After reviewing Panarin’s play, however, the referees explained the hit saying “there was head contact on the play,” but adding that the head was “not main point of contact,” according to Scouting The Refs.
Capitals enforcer Tom Wilson, who has engaged in some off-ice, in-the-distance exchange with Rangers’ Matt Rempe, acknowledged he “didn’t see” Panarin’s no-call hit but discussed it after the game.
“It’s one of those things that looks like he’s going after him a little bit,” Wilson said, via Sammi Silber of The Hockey News. “Osh is in a vulnerable spot and he gets him high. I don’t know if he gets him in the head; I haven’t watched it.
“It’s one of those things where everybody stands up, you know. He definitely went after him. So that’s playoff hockey and you’re gonna get hit, you’re gonna give his. I think Osh is OK, so that’s the main thing.”

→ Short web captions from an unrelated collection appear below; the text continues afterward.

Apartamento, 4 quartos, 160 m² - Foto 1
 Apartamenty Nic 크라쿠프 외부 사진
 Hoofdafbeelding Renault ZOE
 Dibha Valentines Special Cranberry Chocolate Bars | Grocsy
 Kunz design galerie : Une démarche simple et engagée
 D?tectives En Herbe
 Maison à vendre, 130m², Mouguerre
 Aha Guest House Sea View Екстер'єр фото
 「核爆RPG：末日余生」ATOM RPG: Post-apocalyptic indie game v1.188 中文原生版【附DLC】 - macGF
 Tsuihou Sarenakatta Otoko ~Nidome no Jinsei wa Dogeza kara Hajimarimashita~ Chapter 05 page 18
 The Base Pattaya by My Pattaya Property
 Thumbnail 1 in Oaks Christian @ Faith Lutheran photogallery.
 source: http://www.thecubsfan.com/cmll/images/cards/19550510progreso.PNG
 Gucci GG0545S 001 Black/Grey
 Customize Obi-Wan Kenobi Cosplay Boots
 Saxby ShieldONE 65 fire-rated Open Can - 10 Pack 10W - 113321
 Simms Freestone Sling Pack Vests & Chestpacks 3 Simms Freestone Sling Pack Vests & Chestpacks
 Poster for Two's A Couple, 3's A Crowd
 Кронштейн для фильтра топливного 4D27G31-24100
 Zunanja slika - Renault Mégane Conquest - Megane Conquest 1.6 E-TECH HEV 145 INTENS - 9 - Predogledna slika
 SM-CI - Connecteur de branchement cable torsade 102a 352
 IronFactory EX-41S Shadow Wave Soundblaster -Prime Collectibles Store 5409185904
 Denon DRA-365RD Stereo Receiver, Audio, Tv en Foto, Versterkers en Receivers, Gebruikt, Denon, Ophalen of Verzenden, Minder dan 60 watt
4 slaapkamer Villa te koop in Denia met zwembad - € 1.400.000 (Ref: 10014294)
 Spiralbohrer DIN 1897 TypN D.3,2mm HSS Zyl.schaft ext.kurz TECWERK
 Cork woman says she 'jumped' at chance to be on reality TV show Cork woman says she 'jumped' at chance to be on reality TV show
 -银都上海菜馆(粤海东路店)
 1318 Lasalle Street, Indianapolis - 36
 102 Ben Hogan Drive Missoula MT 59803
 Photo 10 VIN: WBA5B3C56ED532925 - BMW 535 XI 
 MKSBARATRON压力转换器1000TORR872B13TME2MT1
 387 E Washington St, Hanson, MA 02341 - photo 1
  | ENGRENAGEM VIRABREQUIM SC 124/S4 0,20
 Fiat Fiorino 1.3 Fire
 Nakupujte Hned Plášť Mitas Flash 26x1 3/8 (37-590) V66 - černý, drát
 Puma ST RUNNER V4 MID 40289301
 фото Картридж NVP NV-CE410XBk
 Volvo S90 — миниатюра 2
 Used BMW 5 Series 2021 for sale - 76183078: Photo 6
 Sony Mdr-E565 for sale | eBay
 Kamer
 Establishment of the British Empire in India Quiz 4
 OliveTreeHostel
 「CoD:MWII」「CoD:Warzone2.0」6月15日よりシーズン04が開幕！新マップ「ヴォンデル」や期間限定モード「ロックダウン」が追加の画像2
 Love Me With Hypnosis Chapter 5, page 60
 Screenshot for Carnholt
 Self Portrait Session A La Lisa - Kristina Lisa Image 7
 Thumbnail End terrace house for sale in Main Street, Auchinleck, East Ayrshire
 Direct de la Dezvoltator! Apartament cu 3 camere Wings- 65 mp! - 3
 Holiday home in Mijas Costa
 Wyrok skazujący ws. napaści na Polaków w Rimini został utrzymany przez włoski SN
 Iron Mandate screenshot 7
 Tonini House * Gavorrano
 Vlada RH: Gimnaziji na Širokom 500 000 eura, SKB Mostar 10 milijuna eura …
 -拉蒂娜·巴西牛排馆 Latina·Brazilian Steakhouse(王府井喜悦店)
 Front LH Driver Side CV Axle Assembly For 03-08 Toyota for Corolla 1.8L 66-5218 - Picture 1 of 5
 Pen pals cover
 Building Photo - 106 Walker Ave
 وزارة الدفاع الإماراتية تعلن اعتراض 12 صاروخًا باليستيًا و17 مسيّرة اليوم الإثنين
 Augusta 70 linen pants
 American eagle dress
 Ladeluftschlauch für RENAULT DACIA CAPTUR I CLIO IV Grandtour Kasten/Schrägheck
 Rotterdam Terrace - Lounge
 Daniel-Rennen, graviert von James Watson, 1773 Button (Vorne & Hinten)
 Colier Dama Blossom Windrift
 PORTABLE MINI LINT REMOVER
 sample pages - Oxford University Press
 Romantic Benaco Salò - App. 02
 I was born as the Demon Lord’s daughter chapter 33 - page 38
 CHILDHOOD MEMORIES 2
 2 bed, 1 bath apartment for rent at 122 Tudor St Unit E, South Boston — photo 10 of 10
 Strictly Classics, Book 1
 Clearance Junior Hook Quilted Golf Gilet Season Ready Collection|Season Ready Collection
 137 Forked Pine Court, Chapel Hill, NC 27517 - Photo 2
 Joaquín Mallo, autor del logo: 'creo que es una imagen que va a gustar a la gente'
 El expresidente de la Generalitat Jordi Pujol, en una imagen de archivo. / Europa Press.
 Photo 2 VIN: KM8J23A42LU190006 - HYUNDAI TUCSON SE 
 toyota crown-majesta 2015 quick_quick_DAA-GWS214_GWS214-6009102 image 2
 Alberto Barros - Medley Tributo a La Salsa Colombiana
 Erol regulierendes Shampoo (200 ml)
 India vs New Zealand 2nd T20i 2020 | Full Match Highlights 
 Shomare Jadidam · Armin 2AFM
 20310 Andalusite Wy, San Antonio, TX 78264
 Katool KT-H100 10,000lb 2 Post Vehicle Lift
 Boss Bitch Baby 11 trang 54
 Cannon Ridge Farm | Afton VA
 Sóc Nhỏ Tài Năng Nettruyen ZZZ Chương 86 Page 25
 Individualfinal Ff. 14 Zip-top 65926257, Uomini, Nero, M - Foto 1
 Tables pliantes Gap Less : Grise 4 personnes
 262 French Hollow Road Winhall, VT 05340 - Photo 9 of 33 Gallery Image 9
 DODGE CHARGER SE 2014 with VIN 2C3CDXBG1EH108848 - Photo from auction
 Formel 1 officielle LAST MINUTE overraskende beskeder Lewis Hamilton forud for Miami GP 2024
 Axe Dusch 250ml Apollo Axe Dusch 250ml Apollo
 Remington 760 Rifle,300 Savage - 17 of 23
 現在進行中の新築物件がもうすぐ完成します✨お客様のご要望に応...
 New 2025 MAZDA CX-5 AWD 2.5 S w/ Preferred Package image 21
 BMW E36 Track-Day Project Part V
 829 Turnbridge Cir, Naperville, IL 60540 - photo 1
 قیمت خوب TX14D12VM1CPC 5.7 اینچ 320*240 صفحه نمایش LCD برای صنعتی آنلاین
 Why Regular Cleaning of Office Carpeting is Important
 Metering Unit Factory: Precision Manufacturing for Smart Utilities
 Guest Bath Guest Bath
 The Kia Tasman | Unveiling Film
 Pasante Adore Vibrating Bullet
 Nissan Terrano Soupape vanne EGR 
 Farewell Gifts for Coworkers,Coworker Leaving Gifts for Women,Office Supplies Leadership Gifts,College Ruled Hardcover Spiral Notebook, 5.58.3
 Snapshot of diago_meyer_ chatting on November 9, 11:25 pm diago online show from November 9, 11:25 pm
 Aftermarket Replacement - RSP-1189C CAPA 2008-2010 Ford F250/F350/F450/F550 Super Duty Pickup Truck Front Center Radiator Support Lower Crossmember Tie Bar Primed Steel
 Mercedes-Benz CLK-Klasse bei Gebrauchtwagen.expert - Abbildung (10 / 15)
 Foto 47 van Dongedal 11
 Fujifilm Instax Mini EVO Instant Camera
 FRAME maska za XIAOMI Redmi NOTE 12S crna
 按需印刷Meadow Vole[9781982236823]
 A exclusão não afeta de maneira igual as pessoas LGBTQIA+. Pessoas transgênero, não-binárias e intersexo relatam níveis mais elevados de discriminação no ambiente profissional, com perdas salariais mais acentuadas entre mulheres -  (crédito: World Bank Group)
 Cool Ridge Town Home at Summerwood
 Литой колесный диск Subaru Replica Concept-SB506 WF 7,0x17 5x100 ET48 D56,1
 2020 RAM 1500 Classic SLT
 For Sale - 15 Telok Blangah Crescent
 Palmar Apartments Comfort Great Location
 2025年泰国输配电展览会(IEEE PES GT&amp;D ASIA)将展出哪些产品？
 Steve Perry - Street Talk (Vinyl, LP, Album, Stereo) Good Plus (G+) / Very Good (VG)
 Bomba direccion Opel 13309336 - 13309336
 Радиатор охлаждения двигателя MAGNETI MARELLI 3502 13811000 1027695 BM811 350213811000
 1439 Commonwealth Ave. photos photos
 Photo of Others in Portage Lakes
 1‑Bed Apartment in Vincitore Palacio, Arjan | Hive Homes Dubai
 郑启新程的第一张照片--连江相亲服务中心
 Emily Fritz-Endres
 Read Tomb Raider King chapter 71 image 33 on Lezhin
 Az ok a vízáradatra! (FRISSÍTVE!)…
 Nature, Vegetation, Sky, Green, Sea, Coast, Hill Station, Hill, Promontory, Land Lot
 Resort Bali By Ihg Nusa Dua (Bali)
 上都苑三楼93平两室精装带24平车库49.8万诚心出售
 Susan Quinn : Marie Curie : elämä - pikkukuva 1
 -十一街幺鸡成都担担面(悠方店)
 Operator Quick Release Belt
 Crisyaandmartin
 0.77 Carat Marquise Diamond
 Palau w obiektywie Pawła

Wilson also thinks the officiating was focusing more on penalties related to stick hitting rather than physical, body-on-body actions.
“It seemed like tonight it was stick penalties. They were letting a lot of the other stuff go, but it was anything with the stick they were calling,” Wilson said, per Greg Wyshynski. “It’s tough. You get new refs every game, you don’t know what’s going to be called what’s not, but it’s playoff hockey.”
Rangers Acknowledge They Saw Physicality Coming
A few players on the Rangers side of the affair touched on Game 2 and the physicality shown by both teams in the second contest of their first-round matchup.
“It was ugly a lot of the time, Jacob Trouba told reporters in his postgame press conference on April 23. “Obviously there are some good plays out there that were made but, for the most part, it was mucky, chip it out, chip it in, and more of a grinding game.
“It seemed it had more of a playoff feel.”
Rangers head coach Peter Laviolette said he was envisioning the type of game that developed on the ice before the puck dropped for the first time on Tuesday evening.
“This morning somebody asked me what I expected and I said I expected that tonight,” Laviolette explained after the game. “The way it played out, physical and some attitude directed inside of the game
“I thought our guys responded pretty well. It was a hard-fought game.”
The Rangers defeated the Capitals 4-3 on their way to getting a 2-0 lead in the first-round series as the matchup goes to Washington for Game 3 and Game 4, scheduled for Friday (April 26) and Sunday (April 28).